Canadian writer (born 1937)

Marjorie Harris (born 15 September 1937) is a Canadian writer of non-fiction, particularly in gardening.

== Early life ==
Marjorie Kathleen Harris (née Stibbards) was born in Shaunavon, Saskatchewan, the eldest of three children of Bernard and Kay Stibbards. Her father's work as a Baptist minister led the family to move to many different places over the years, including Goose Bay, Labrador, and Vancouver, British Columbia. During the Second World War, she lived with her mother and siblings in Winnipeg, while her father was overseas as an air force chaplain. She attended McMaster University in Hamilton, Ontario, and graduated with a B.A. in English in 1959.

== Writing career ==
Harris's writing career began when she began working for Maclean's magazine in 1966. She went on to be a freelance journalist for Saturday Night, Chatelaine, Weekend, The Canadian, Artscanada, Quest, Toronto Life, Financial Post magazine, Flare, and the Toronto Star, writing on topics including design, art, and feminism. In the 1970s, she was associate editor at Chatelaine for several years.

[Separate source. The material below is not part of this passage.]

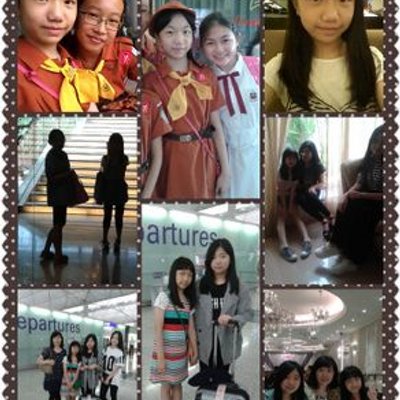 Profile Picture of Tong Stephanie (@Stephanie0916t1) on Twitter
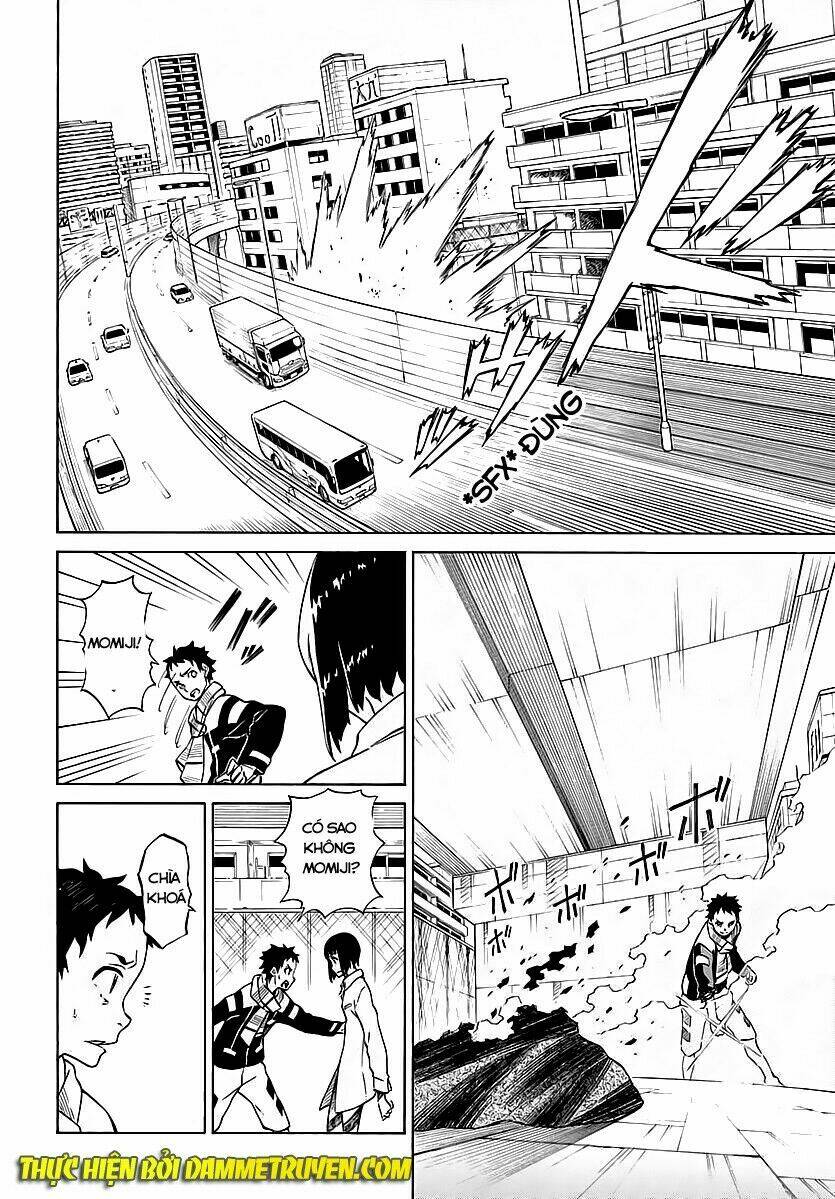 hiniiru chapter 5.1 22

In 1988, she decided to focus her writing on gardening and plants, and began to write articles on the subject for the Toronto Star and Toronto Life. For her first gardening book, The Canadian Gardener, published in 1990, she and photographer Tim Saunders travelled across Canada, talking to dozens of gardeners to get their best advice.

She was editor-in-chief of Gardening Life magazine and wrote regular columns on gardening for The Globe and Mail. Much of her writing has focused on her own garden in midtown Toronto, a narrow plot that she has cultivated carefully to make the most of the space. She strongly promotes ecological gardening principles and growing native plants that are adapted to Canadian conditions.

== Broadcasting career ==
Harris has written and produced documentaries for CBC radio. She had a radio host job at CBC Radio's Metro Morning as "The Urban Gardener". For many years, she was a regular guest on This Country in the Morning hosted by Peter Gzowski, a popular CBC radio program. In 2003, she appeared in the Recreating Eden TV series episode "A Perfect Life". Harris has also created several short videos for YouTube aimed at home gardeners and contributed gardening advice to CBC Life.

== Archives ==
The McMaster university library acquired Marjorie Harris's archives in July 2005 and March 2006. She was honoured there in 2007 with an exhibition titled "Marjorie Harris's Garden of the World".

== Awards ==

McMaster University Distinguished Alumni Award

== Personal life ==
Her first marriage was to television producer and musician Barry Harris; she has two children, Christopher and Jennifer. Currently, she lives in Toronto with her second husband, writer Jack Batten.